Very early on Sunday morning the women (included Mary Magdeline, Mary the Mother of Jesus and Joanna, the wife of a Roman official) went to the tomb. Imagine their amazement to find the stone rolled away and the body gone! Suddenly two dazzling white angels appeared and told them that Jesus had risen from the dead. Confused and bewildered, the women ran off to  tell the disciples. Peter and John ran to the tomb and saw the empty strips of linen. No-one understood what was happening. Mary Magdeline, started crying. "Woman, why are you crying?" said an angel from inside the tomb. "They’ve taken my Lord, "she said, "and I don't know where they’ve put him." Then a voice behind her said “Who are you looking for?" Thinking he was the gardener, she said, "Sir, if you’ve taken him, tell me where you put him" Jesus said, "Mary." She turned and recognized Jesus. "Rabboni!" (Teacher) she cried in delight. Jesus said, "Don’t touch me yet, for I have not yet returned to the Father. Go and tell the others”.

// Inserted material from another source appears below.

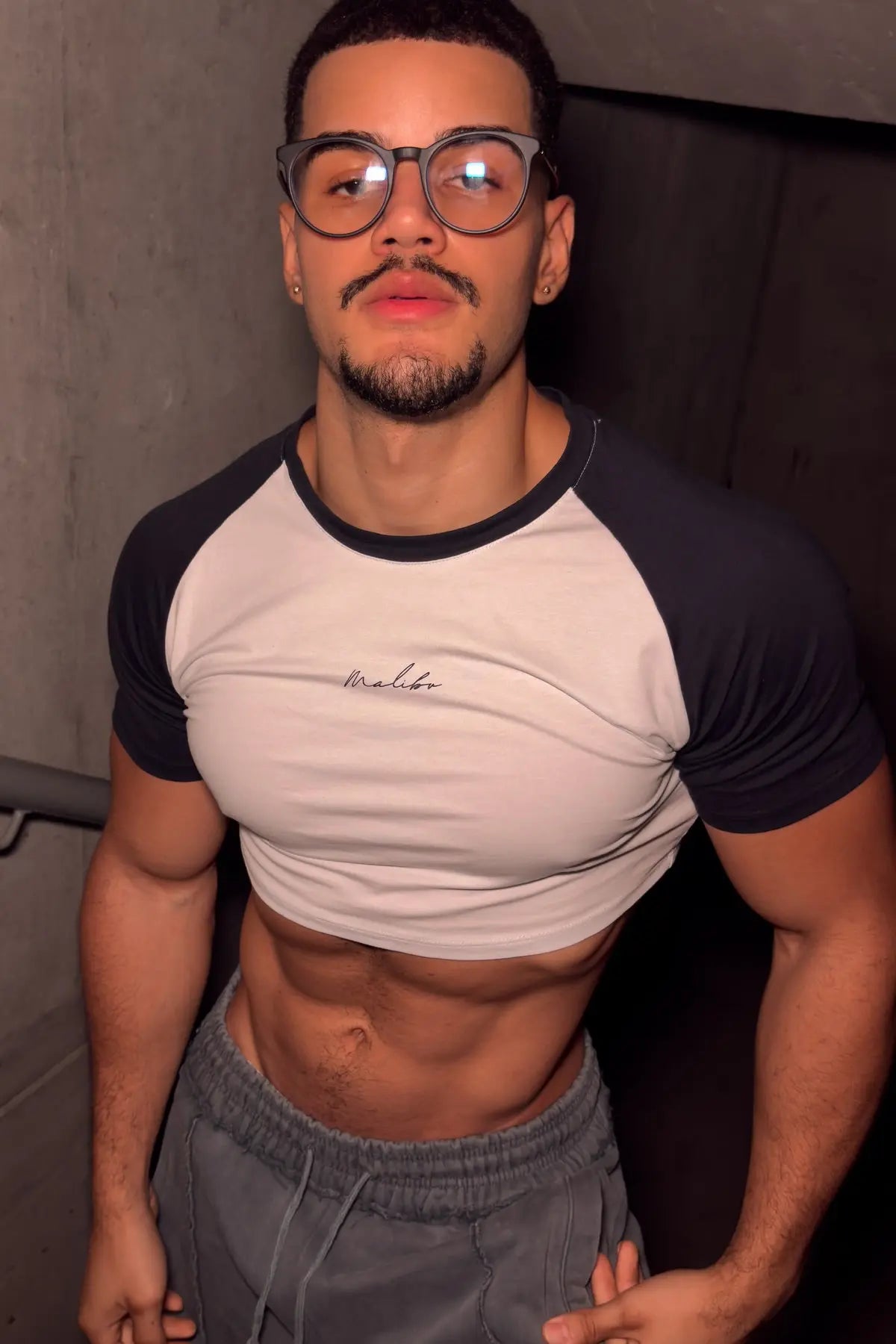 JJ Malibu Men's Muscle-Fit Crop Tee - Malibu Script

Jesus appeared before them all, first to Mary Magdalene in the garden, then that same day to two of his followers on the road to the village of Emmaus, who were so excited that they ran all the way back to Jerusalem - about 15 miles. There, they found the disciples in a double locked room as the story was going around that they had stolen the Jesus’ body and they were frightened. Then Jesus appeared within the locked room, nearly scaring them out of their wits! But Jesus told them to not to be afraid, and to touch the scars and the holes where he was crucified. He even ate some fish with them. Then the disciples believed that he really was alive.
Over the next 40 days, about 500 people saw him and spoke to him, before he finally left them and returned to his Father in heaven.  On the 40th day he was taken up before their eyes, and a cloud hid him from their sight. Before Jesus left, he promised that he would send another helper to be with them until he returned at the end of time to reign forever. Christians believe that this helper, the Holy Spirit came to the disciples ten days later at Pentecost, and that everyone who truly follows Jesus, has the Holy Spirit with them helping them to be more like him. For Christians, the 'resurrection', proves without a shadow of doubt that Jesus really was the Son of God. His followers could hardly contain their joy, and everywhere they went they told people the wonderful news.

So the Easter story has a happy ending. Jesus was dead, but he rose again. He didn't leave his followers feeling lost and lonely. He sent his Spirit to be a loving comfort and strength to them. They believed in him and he gave them new life, love and strength.

That is why the Easter story never grows old.